** Opening DATA FOR THIS TASK block **

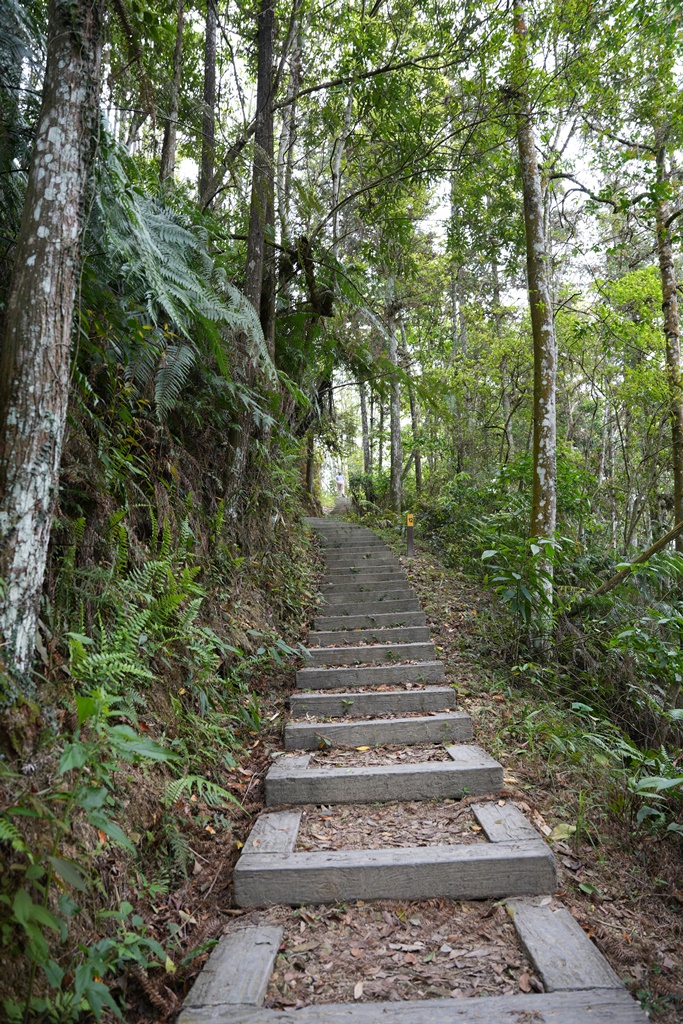 南投瀑布,南投魚池新景點,水上瀑布,澀水森林步道,魚池登山步道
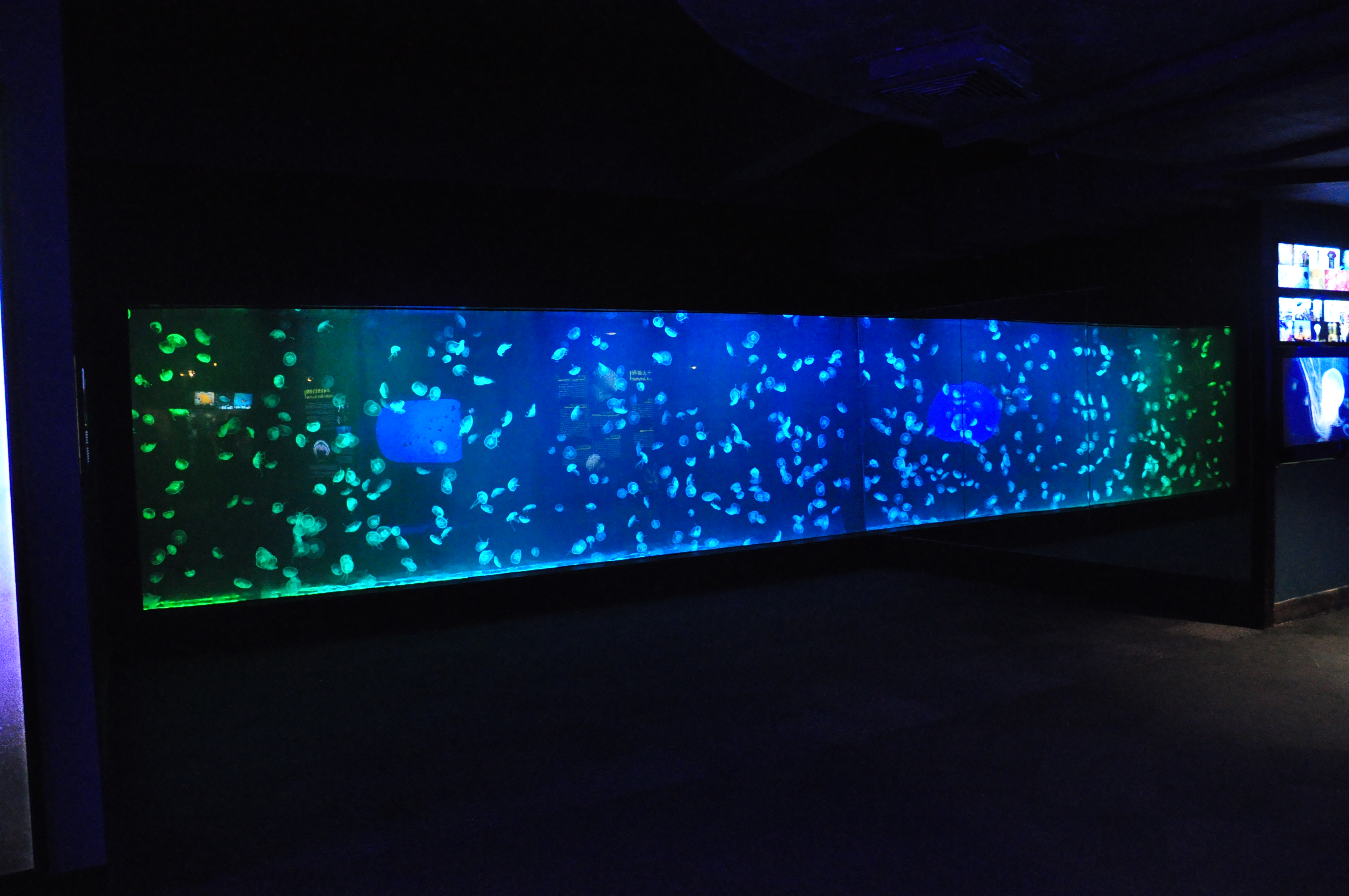 Taaka tire kiriaku - Hangahanga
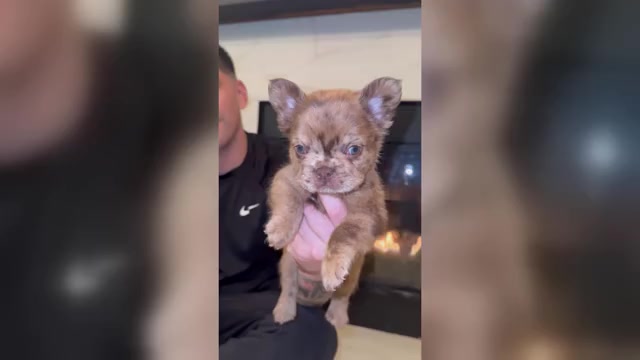 Video preview image #1 French Bulldog Puppy For Sale in SAN DIEGO, CA, USA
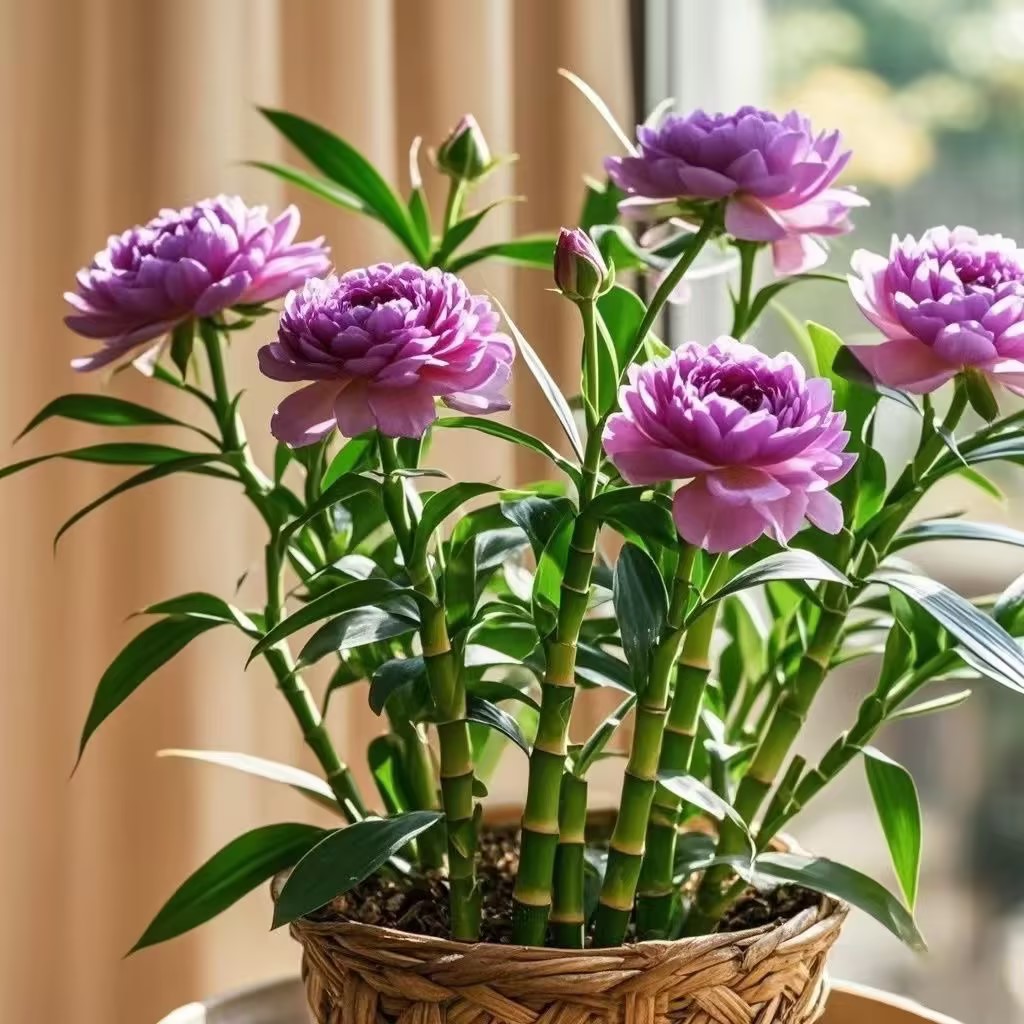 Lucky Flowering Bamboo Potted Plant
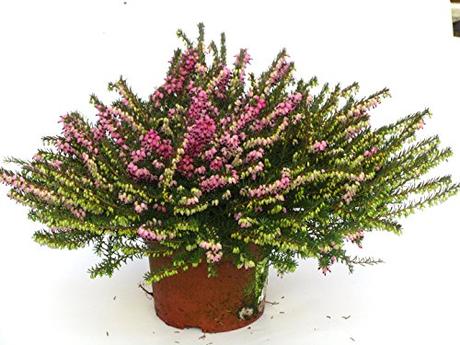 Die Herbst- und Winterbepflanzung im Blumenkasten bringt gute Laune und Farbenpracht Erica darleyensis - rot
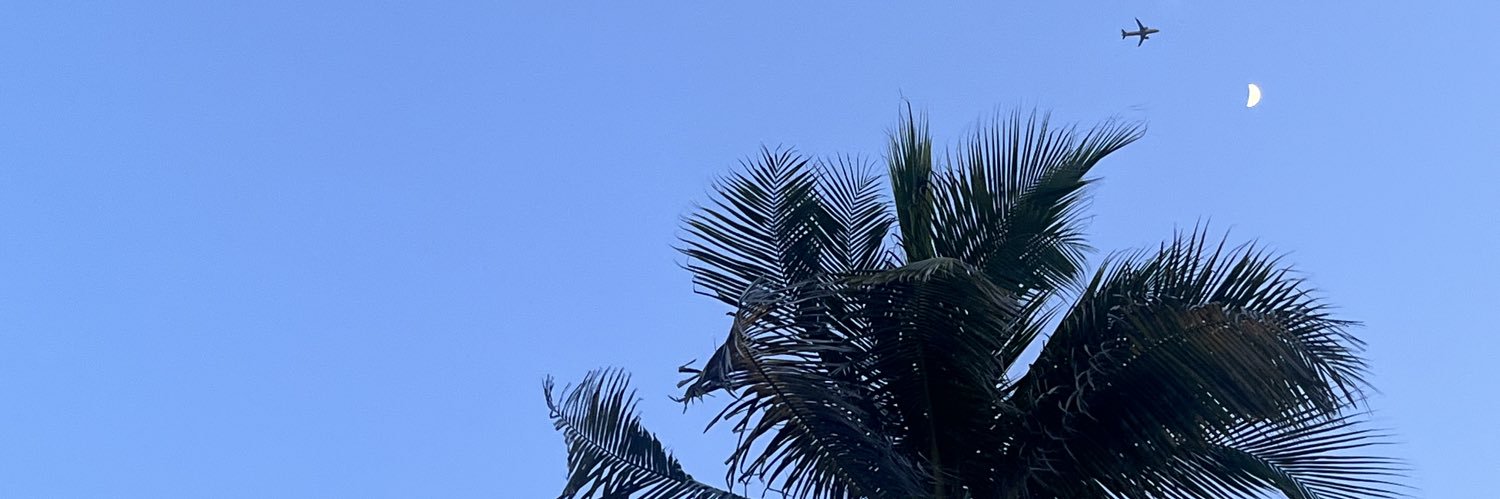 morgankiersten6's profile banner image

** Closing DATA FOR THIS TASK block **

WHAT IS NEEDED: Images are to be omitted; repeat the remaining data above exactly.

OUTPUT:
 南投瀑布,南投魚池新景點,水上瀑布,澀水森林步道,魚池登山步道
 Taaka tire kiriaku - Hangahanga
 Video preview image #1 French Bulldog Puppy For Sale in SAN DIEGO, CA, USA
 Lucky Flowering Bamboo Potted Plant
 Die Herbst- und Winterbepflanzung im Blumenkasten bringt gute Laune und Farbenpracht Erica darleyensis - rot
 morgankiersten6's profile banner image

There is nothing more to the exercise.